Beginning with the line that contains "microneedling-nyc-before-after-4", retype the entries below exactly, ending with the line that contains "Đính đa lên răng tại Nha khoa Gia Đình". Leave out any pictures.

##############################

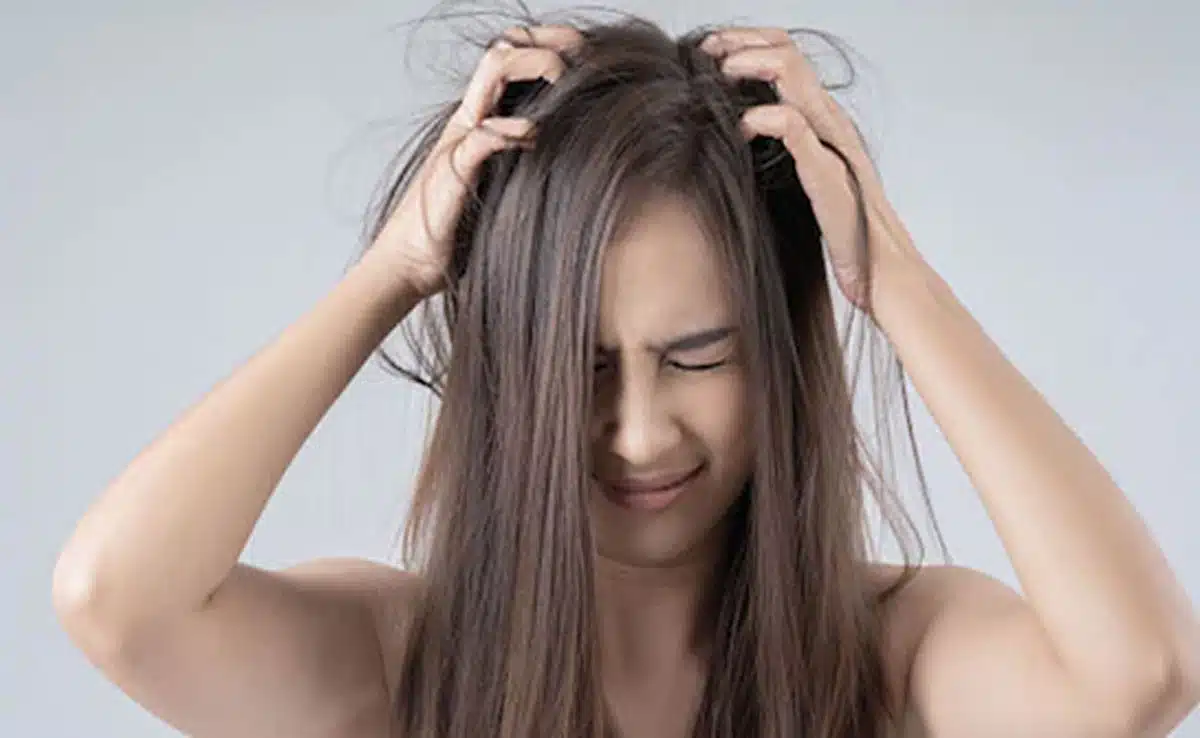 Applying curd on hair prevents these scalp problems, know its benefits and methods of use.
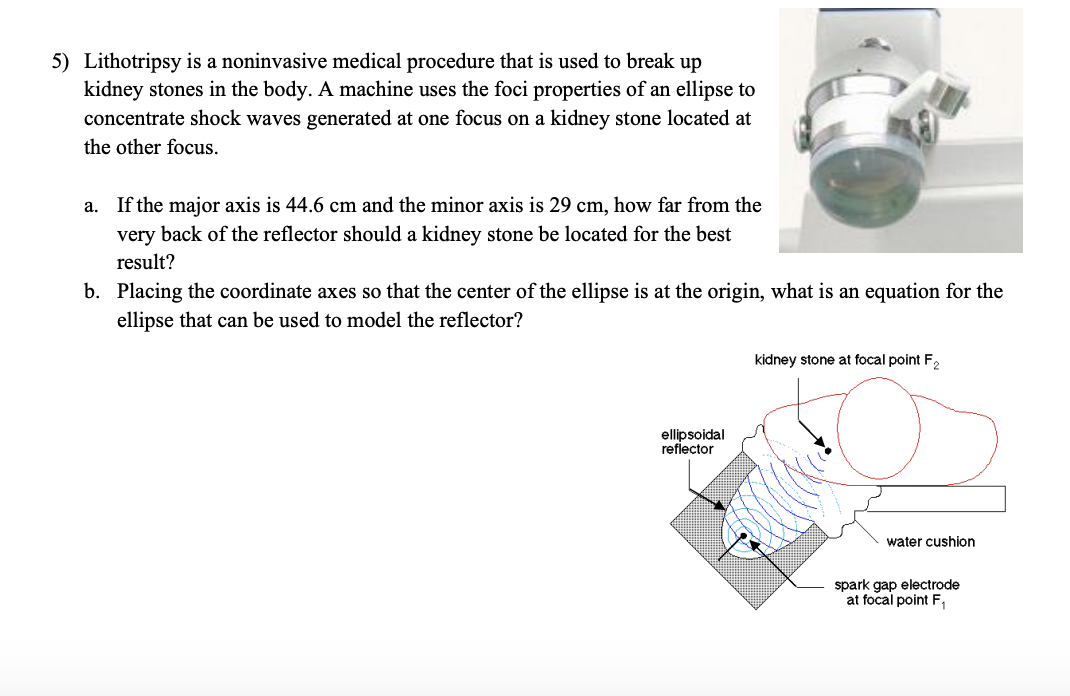 5) Lithotripsy is a noninvasive medical procedure that is used to break up
kidney stones in the body. A machine uses the foci properties of an ellipse to
concentrate shock waves generated at one focus on a kidney stone located at
the other focus.
а.
If the major axis is 44.6 cm and the minor axis is 29 cm, how far from the
very back of the reflector should a kidney stone be located for the best
result?
b. Placing the coordinate axes so that the center of the ellipse is at the origin, what is an equation for the
ellipse that can be used to model the reflector?
kidney stone at focal point F,
ellipsoidal
reflector
water cushion
spark gap electrode
at focal point F,
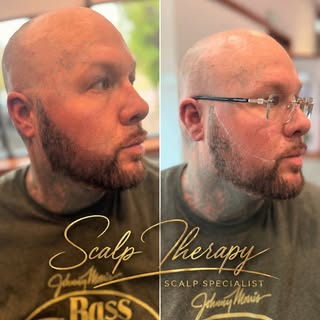 FMP (Facial Micropigmentation) for the win 🏆 

This gentleman wanted to fill in some patchy beard a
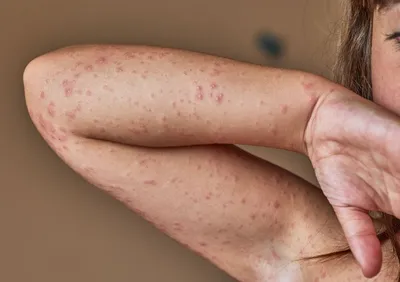 Симптомы аллергии: как проявляется и выглядит аллергия
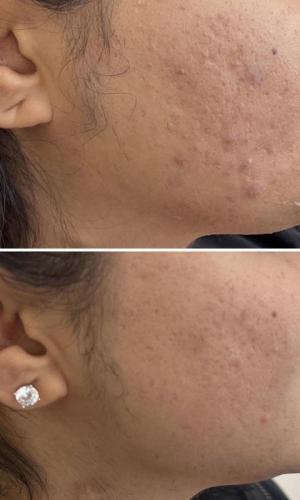 microneedling-nyc-before-after-4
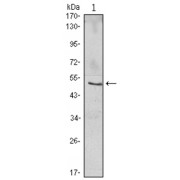 Western blot analysis using NFKBIB antibody against Jurkat (1) cell lysate.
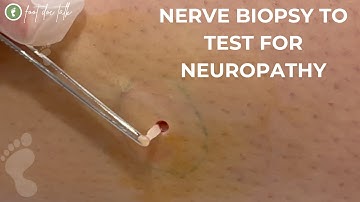 Nerve Biopsy to Test for Neuropathy
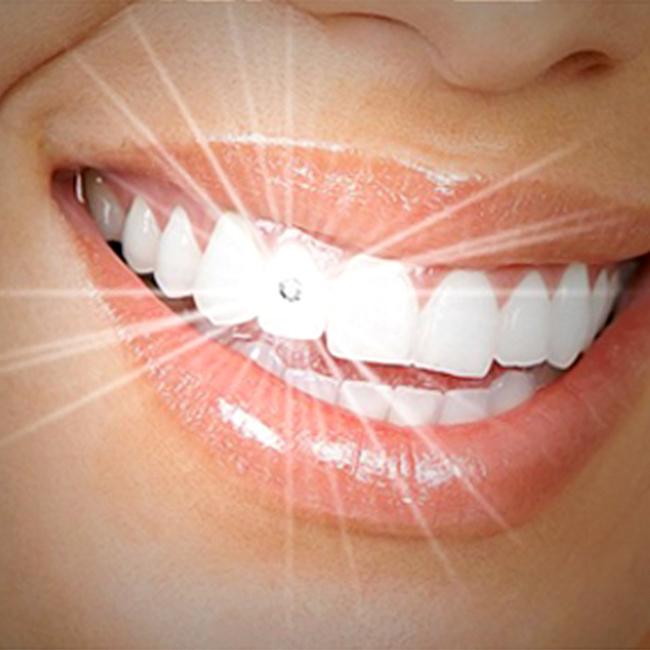 Đính đa lên răng tại Nha khoa Gia Đình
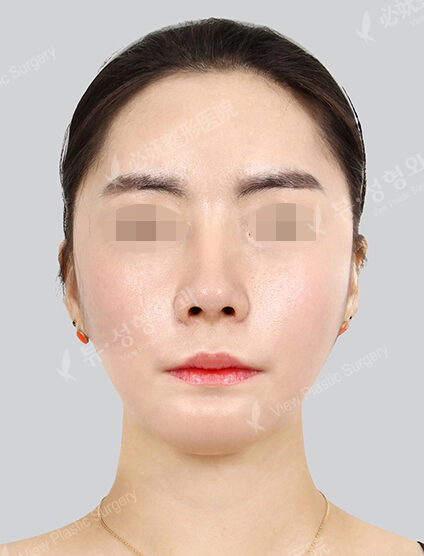 Protruding Mouth+Natural Vline+Zygoma Reduction+Forehead Implant+Rhinoplasty (2 Months) — After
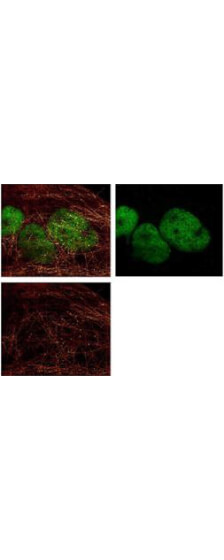 Immunofluorescence Microscopy – HDAC Antibody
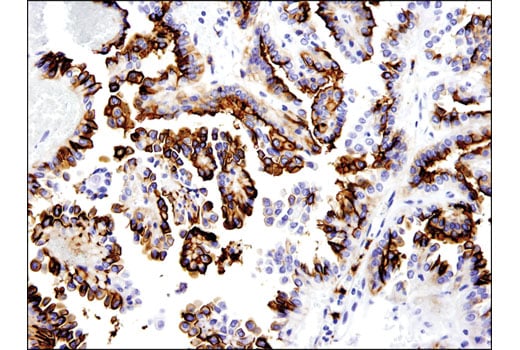 Immunohistochemistry Image 3: OLFM4 (D1E4M) Rabbit Monoclonal Antibody (BSA and Azide Free)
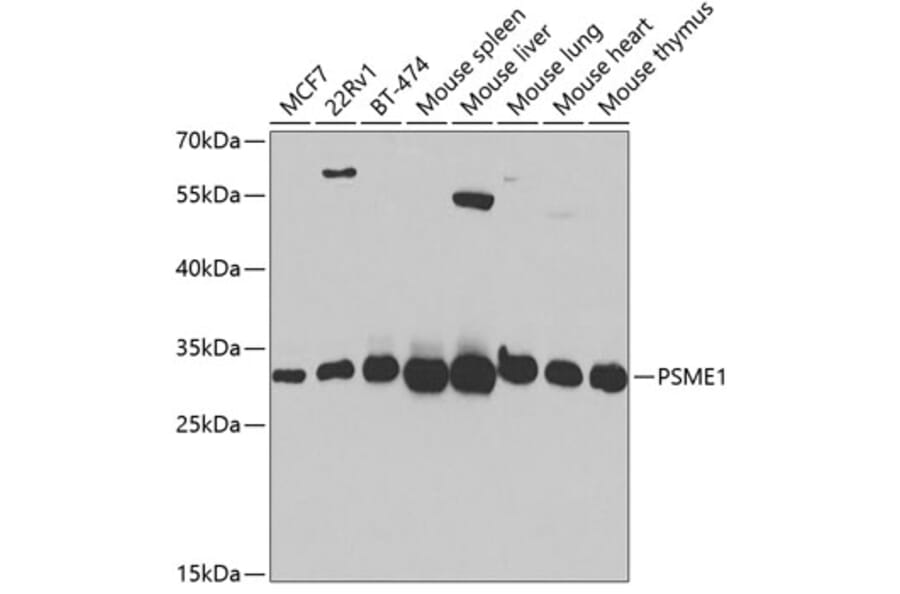 Western Blot - Anti-PSME1 Antibody (A14698) - Antibodies.com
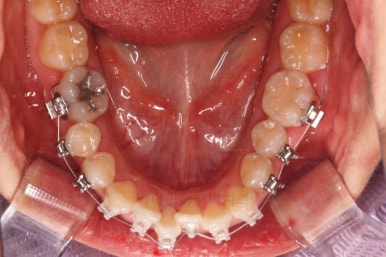 부산비발치교정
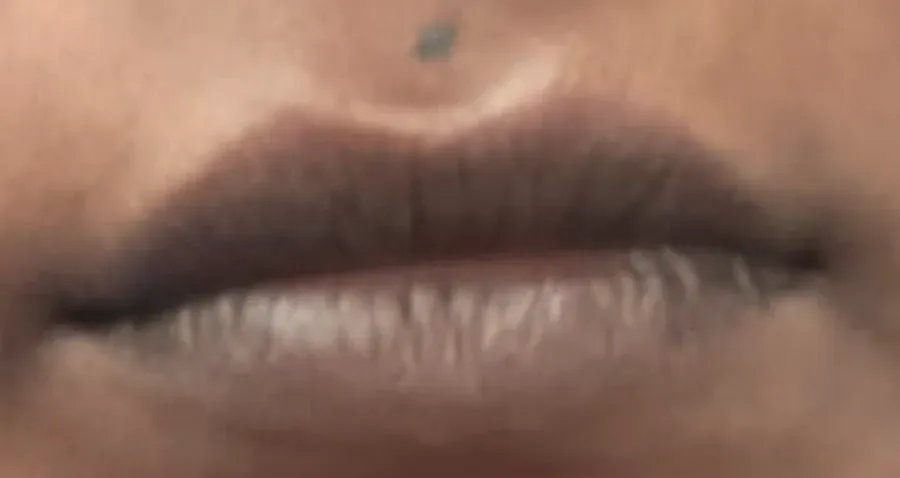 Before: a client's lips, darker before treatment and more even in tone after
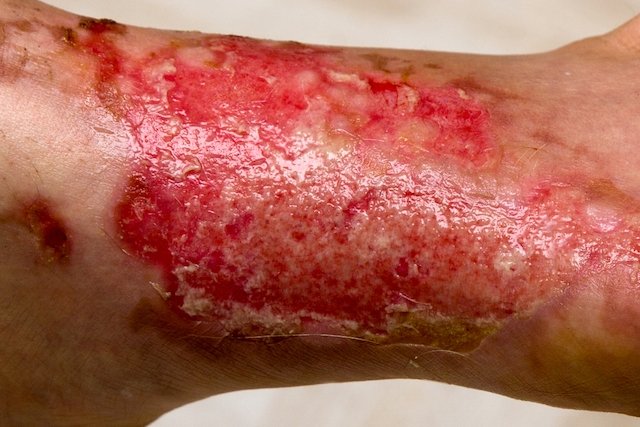 Sindrom kulit melepuh: apa itu, gejala, penyebab dan pengobatan_0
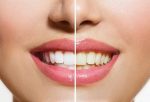 Teeth Whitening - Cure Dental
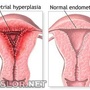 endometrial_hyperplasia.jpg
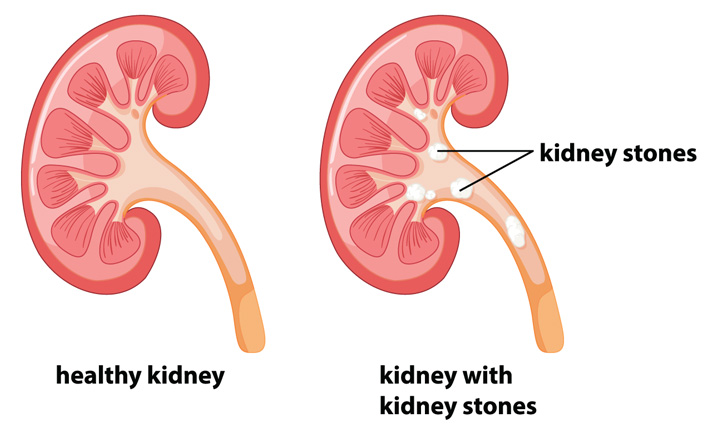 Kidney Stones Treatment In Nashik | Dr Sudarshan Daga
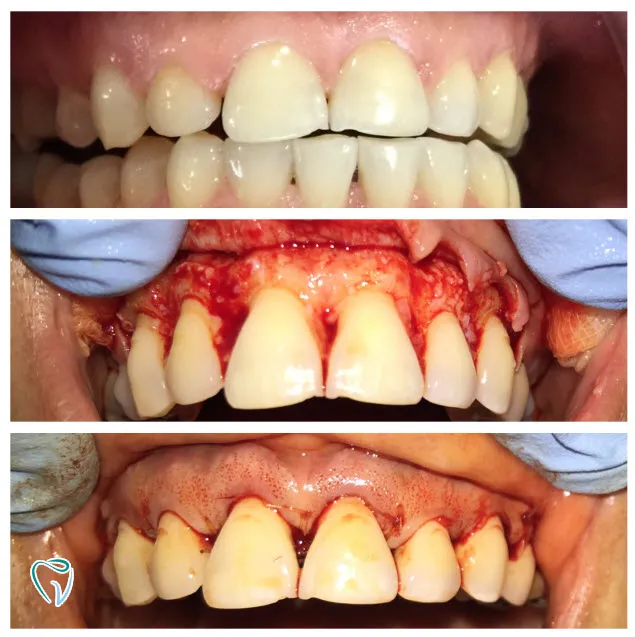 dental-1c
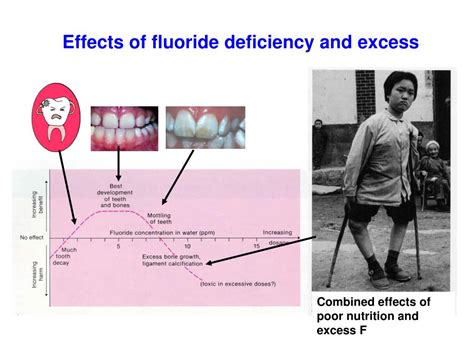 Excessive fluoride consumption risks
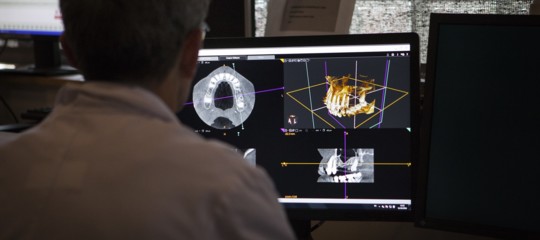 Una stampante 3d restituisce un volto a chi non lo ha più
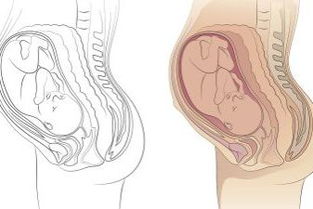 怀孕两个月了,坐飞机通过安检与胎儿有影响吗 安检能扫描出怀孕了吗 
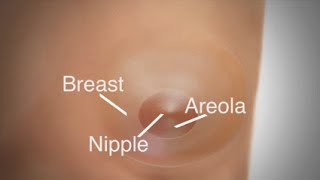 Mastectomy  Breast Reconstruction Overview [upl. by Etteinotna898]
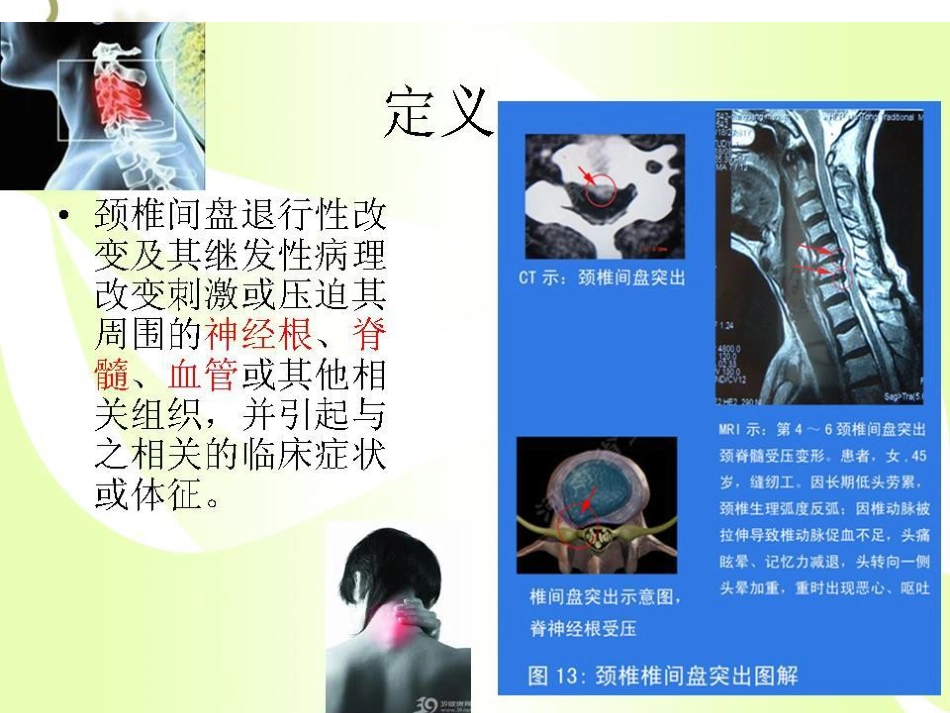 健康的颈椎源于生活习惯_第2页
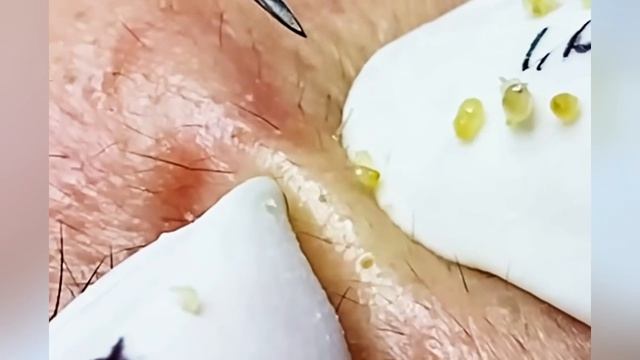 Выдавливание прыщей угрей черных точек и камедонов 400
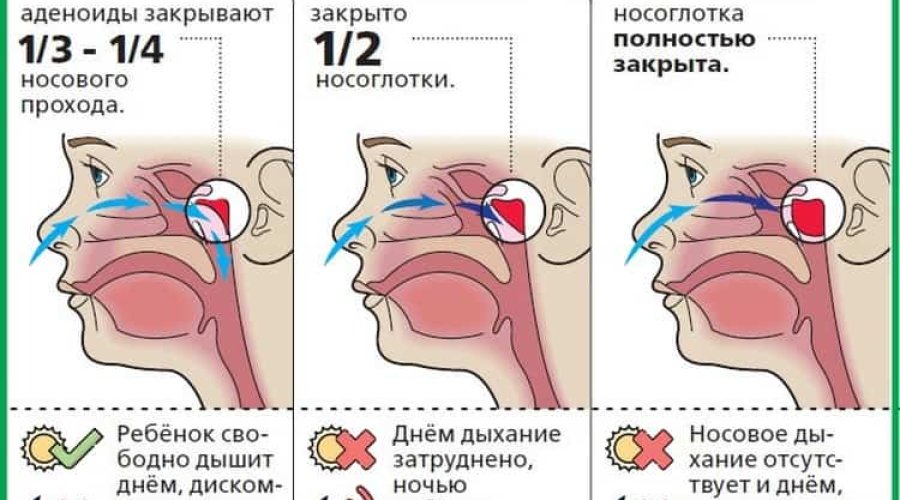Что делать, если не дышит нос: виды и лечение разных видов насморка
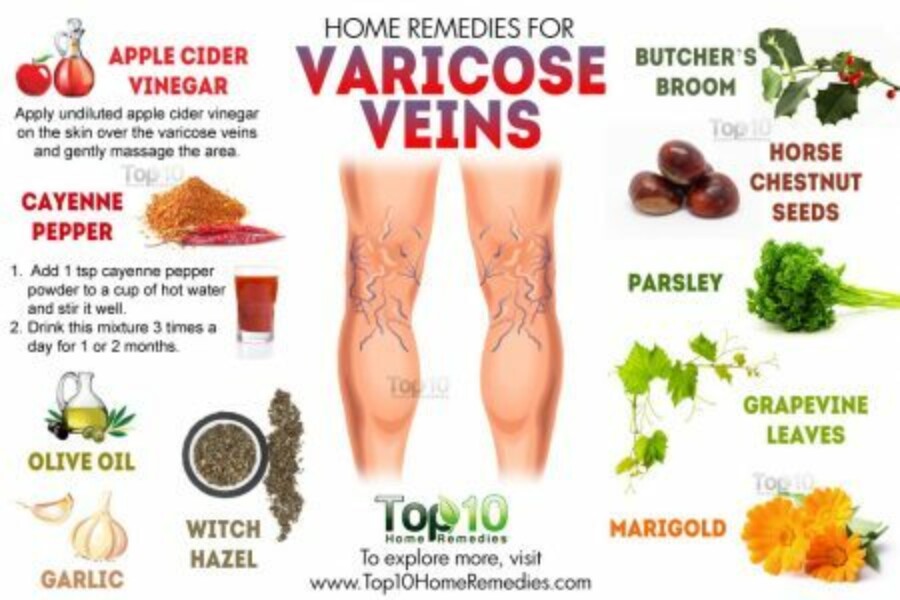 Los 11 mejores remedios para tratar las varices - Mejor con Salud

##############################

> Answer box
 microneedling-nyc-before-after-4
 Western blot analysis using NFKBIB antibody against Jurkat (1) cell lysate.
 Nerve Biopsy to Test for Neuropathy
 Đính đa lên răng tại Nha khoa Gia Đình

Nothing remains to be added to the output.